The Hookah’s New Haven

University students welcome hookah’s novelty and smooth buzz

Erin Adler

Minnesota is not a trend-setting state. But any self-respecting University student can hear “it’s big at Madison” only so many times before wanting to prove that Minnesota students aren’t always geekishly unaware of pop culture developments.

When a local grocery posted a sign boasting “We Rent Hookahs” and friends made the Madison reference, my curiosity mounted. Had Minnesota caught this trend? Were students here seeing hookah smoke signals?

And so I began my hunt for hookahs. It wasn’t long before I found them – at bar patios, restaurants and glass shops.

The corner store

Santana Deli and Foods looks like an average grocery store beneath its retro, marquee-like sign. Donnie Ramahi, part owner, stands at the register, drawing a tribal design on his forearm with a black Sharpie marker.

At least a dozen hookahs stand to his right, shelved above beverages and flavored tobacco. The hookahs’ glass and fabric vary. But each features hammered brass and tubes from which the smoker inhales.

Ramahi, the brains behind the hookah-rental project, brought the hookahs back from a trip to Egypt. Smoking hookahs in the Middle East is akin to smoking cigarettes in the United States, he said.

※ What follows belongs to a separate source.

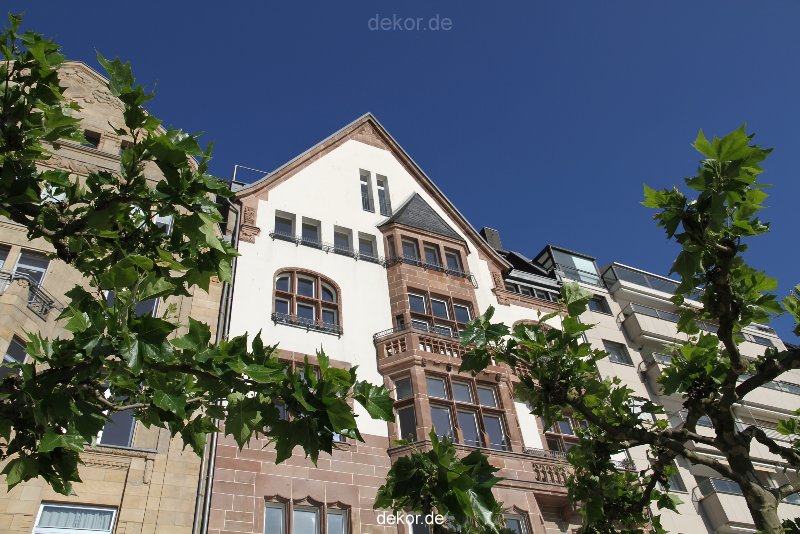 duesseldorf-altstadt-rheinpromenade-017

“Probably nobody knows about it as much here yet,” he said. He attended the University of California, Los Angeles, where he said hookahs were often smoked in cafes or bars.

Santana’s hookahs have been popular with college students since the store began renting them in August.

“As soon as I brought them in here, people were like ‘Hookah! Hell, yeah!'” he said.

He asked if I understood how hookahs work. He pointed out where the water goes (on the bottom) and where the flavored tobacco and charcoal are placed (in the bowl and at the top, respectively). After lighting the charcoal, the tobacco heats up, and the water acts as its filter.

Hookah rentals cost $10 or $15, depending on size. Renters must sit outside to smoke.

Ramahi thinks the trend will die down during the winter because of weather and the smoking ban. Next spring or summer, there’s a good chance it will really take off, he said.

The restaurant

The Pyramids Cafe in Columbia Heights is a simply decorated space in a strip mall. Hieroglyphic stencils decorate the walls. A row of 20 hookahs sits behind the counter. Two college-aged women stroll in with a deck of cards and a request to smoke from a hookah.

Employee Vic Groebner, 18, said that in recent months, he has noticed more college kids coming to smoke them.

“When I first started working, it was just Arab men and their families coming here to eat and smoke,” he said.

Students smoked during the summer for an “out-of-the-norm” activity, he said. Many think smoking a hookah will give them “some miracle high,” he said.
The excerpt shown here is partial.